Page MenuHomePhabricator

[LoopVectorize] Fix assertion failure in Fcmp vectorization
ClosedPublic

Authored by anna on Aug 2 2017, 2:45 PM.

Details

Summary

When vectorizing fcmps we can trip on incorrect cast assertion when setting the
FastMathFlags after generating the vectorized FCmp.
This can happen if the FCmp can be folded to true or false directly. The fix
here is to set the FastMathFlag using the FastMathFlagBuilder *before* creating
the FCmp Instruction. This is what's done by other optimizations such as
InstCombine.
Added a test case which trips on cast assertion without this patch.

Diff Detail

Repository
rL LLVM

Event Timeline

anna created this revision.Aug 2 2017, 2:45 PM
fhahn added a subscriber: fhahn.Aug 2 2017, 3:27 PM
Ayal added inline comments.Aug 2 2017, 11:37 PM
lib/Transforms/Vectorize/LoopVectorize.cpp
4867 ↗(On Diff #109436)

An alternative may be to do

if (isa<FCmpInst>(C))
  cast<FCmpInst>(C)->copyFastMathFlags(Cmp);

or

if (auto *FCmp = dyn_cast<FCmpInst>(C))
  FCmp->copyFastMathFlags(Cmp);

Wonder if the last, optional argument to CreateFCmp() may be used instead?

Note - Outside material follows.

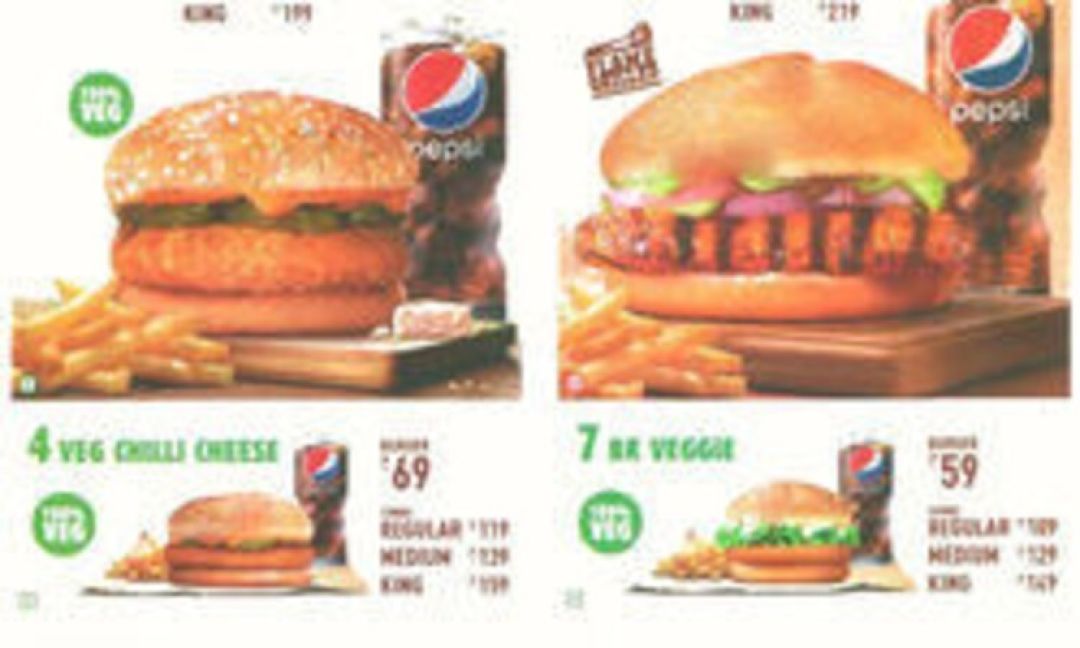 Burger King Menu, Menu for Burger King, Hoshiarpur, Hoshiarpur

Is this issue relevant elsewhere, e.g., SLP vectorizer? (Maybe that last argument shouldn't be optional ;-)

anna added inline comments.Aug 4 2017, 6:13 AM
lib/Transforms/Vectorize/LoopVectorize.cpp
4867 ↗(On Diff #109436)

the alternative way may also be used.

The FastMathFlagGuard seems to be the accepted practice though - in all of instcombine and LoopUtils transformations where the created instruction may not be a compare.

SLPVectorizer creates FCmp and uses propagateIRFlags from LoopUtils for this. So, SLPVectorizer does not have this bug. However, it's a full blown method that copies IR flags by checking the type of instruction, and we don't need it here in LoopVectorizer.

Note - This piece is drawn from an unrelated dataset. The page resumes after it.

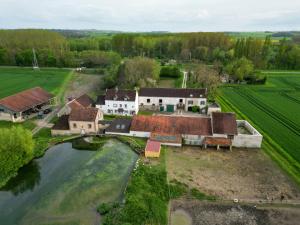 einem Luftblick auf ein Haus und einen Fluss in der Unterkunft Le Moulin Neuf in Brienon-sur-Armançon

mssimpso edited edge metadata.Aug 4 2017, 10:45 AM

Hi Anna,

Thanks for taking a look at this. I had a few comments about the test. Otherwise, it makes sense to me.

test/Transforms/LoopVectorize/fcmp-vectorize.ll
1 ↗(On Diff #109436)

Since this is a target-independent test, it's probably a good idea to specify the vector width and interleave factor: -force-vector-width=4 -force-vector-interleave=1.

3 ↗(On Diff #109436)

The test doesn't require assertions, so you can remove this line.

14–16 ↗(On Diff #109436)

No need to check the original loop in this case.

Ayal added inline comments.Aug 4 2017, 2:27 PM
lib/Transforms/Vectorize/LoopVectorize.cpp
4867 ↗(On Diff #109436)

this alternative way also appears in instcombine, in the form of:

auto *FPInst = dyn_cast<Instruction>(RI);
if (FPInst && isa<FPMathOperator>(FPInst))
  FPInst->copyFastMathFlags(BO);

and is also used by SLPVectorizer eventually via copyIRFlags()/andIRFlags().

If you prefer the FastMathFlagGuard way, suggest to also attach a preceding comment, e.g.:

// Propagate fast math flags.

BTW, curious how such a redundant comparison reached the vectorizer? Such things are better cleaned up earlier, to let the vectorizer and its cost model concentrate on 'real' instructions.

anna updated this revision to Diff 110199.Aug 8 2017, 7:44 AM
anna marked 2 inline comments as done.

Addressed review comments.

lib/Transforms/Vectorize/LoopVectorize.cpp
4867 ↗(On Diff #109436)

I've added the comment. Would be good to find out how the redundant comparison came in, will take a look.

I think that's an orthogonal performance problem, because there can always be other cases where we have such redundant comparisons flowing through the vectorizer. For example, it could also be a missed optimization or an in-tree/out-of-tree pass ordering issue.

Ayal edited edge metadata.Aug 8 2017, 8:36 AM

Looks good to me, please wait for @mssimpso to approve.

mssimpso accepted this revision.Aug 8 2017, 8:54 AM

LGTM as well.

This revision is now accepted and ready to land.Aug 8 2017, 8:54 AM
This revision was automatically updated to reflect the committed changes.